UM NÃO-EVENTO TELEVISIVO
São Paulo e Juventus numa tarde de domingo

Na tarde do último domingo (14/3) a Rede Globo exibiu a partida São Paulo x Juventus pelo campeonato paulista. Tinha tudo para ser – e de certa forma foi – um jogo dos mais modorrentos. Já o espetáculo apresentado pelo canal de TV passou longe disso, se revelando um dos momentos de maior estranhamento na TV recente. Um pouco de contexto para o leitor que não acompanha futebol: tratava-se da última rodada da primeira fase do campeonato paulista, e num outro lugar o Corinthians fazia um jogo para escapar do rebaixamento (luta que travava exatamente contra o time do Juventus). A Globo originalmente havia programado a partida do Corinthians, como de praxe, mas voltou atrás depois que a diretoria do clube barrou a transmissão do jogo. Oficialmente para atrair torcedores ao estádio, extra-oficialmente, segundo a imprensa esportiva, para garantir que com a transmissão da outra partida, o São Paulo não fizesse corpo mole.

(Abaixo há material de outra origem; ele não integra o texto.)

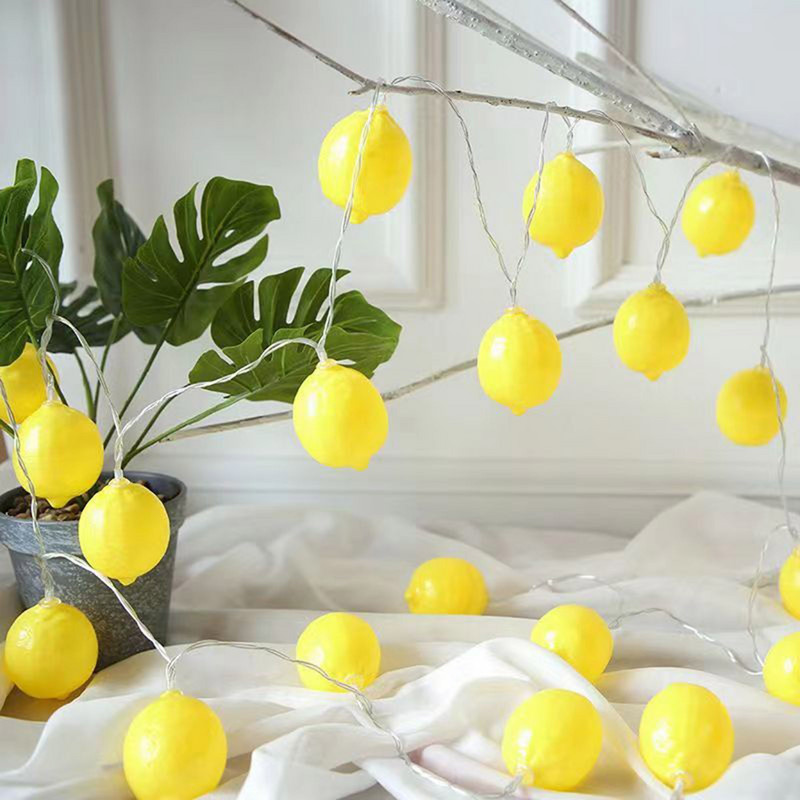 Led akumulatoru gaismas auklas istabas dekorācijas gaismas citrona bumbiņas dekoratīvās Ziemassvētku sienas gaismas 8 pēdas lielas Ziemassvētku lampiņu virtenes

A coisa já começa interessante aí, pelo credo de que a transmissão de TV fosse coagir os jogadores do São Paulo a se empenhar no jogo, que para eles não valia nada. Ninguém quer fazer feio diante das câmeras de TV, elas decerto têm um certo valor intimidador para os jogadores, mas se essa era a idéia da diretoria corinthiana, não correu tudo a contento. As câmeras fizeram os jogadores do São Paulo se esforçarem por 45 minutos, é verdade, mas dada a natureza da transmissão do canal de TV nem isso teria sido necessário. Porque São Paulo x Juventus foi um não-evento televisivo. Se é norma da televisão, ao apresentar um evento ao vivo, procurar torná-lo um espetáculo tão grande quanto possível, a transmissão da Globo fez o caminho inverso. Isto porque, da forma como foi transmitido, nada no jogo efetivamente importava.

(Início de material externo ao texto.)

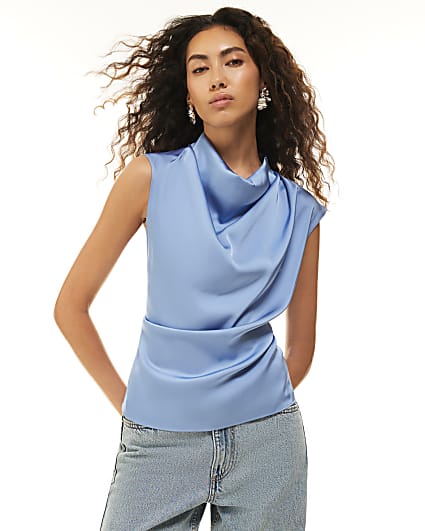 Blue Satin Cowl Neck Tank Top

Bem distante do que gostaria a diretoria corinthiana, a transmissão de São Paulo x Juventus foi um massacre da imagem. Um exercício de esvaziamento do seu significado. O jogo se revelou de quase nulo interesse por quem o transmitia. O evento televisivo espetacular existiu naquela tarde, mas em outro lugar. Poucas vezes se viu a televisão dando tanto destaque ao fora de quadro. Só ele importava. A transmissão só ganhava vida com os flashes do outro jogo, que se davam a cada jogada de perigo que lá ocorria, e mesmo outras que só justificariam as inclusões num destes clipes de melhores momentos numa partida bem ruim. De acordo com amigos que efetivamente viram o outro jogo pela Sportv fora mesmo uma partida ruim, mas a transmissão da Globo não escondia seu entusiasmo por ele. Afinal, este jogo sim tinha de ser espetacular.

Em campo, os 22 jogadores correm de um lado para outro, mas parecem os únicos (salvo os poucos torcedores da Juventus) interessados na partida. Até os comentaristas e o narrador da Globo só conseguiam discuti-la em relação a outra imagem que não víamos (a do outro jogo, um jogo virtualmente exibido); só assim as imagens que víamos pareceram poder ser legitimizadas. Seu interesse só existia via filtro. Até quando assistíamos a torcedores acompanhado o jogo junto ao tradicional radinho de pilha, a informação que recebíamos da TV é de que eles estavam ouvindo a partida do Corinthians.

À luz de sua apresentação televisiva, São Paulo 2x1 Juventus, apesar da evidência das imagens, parece nunca ter acontecido.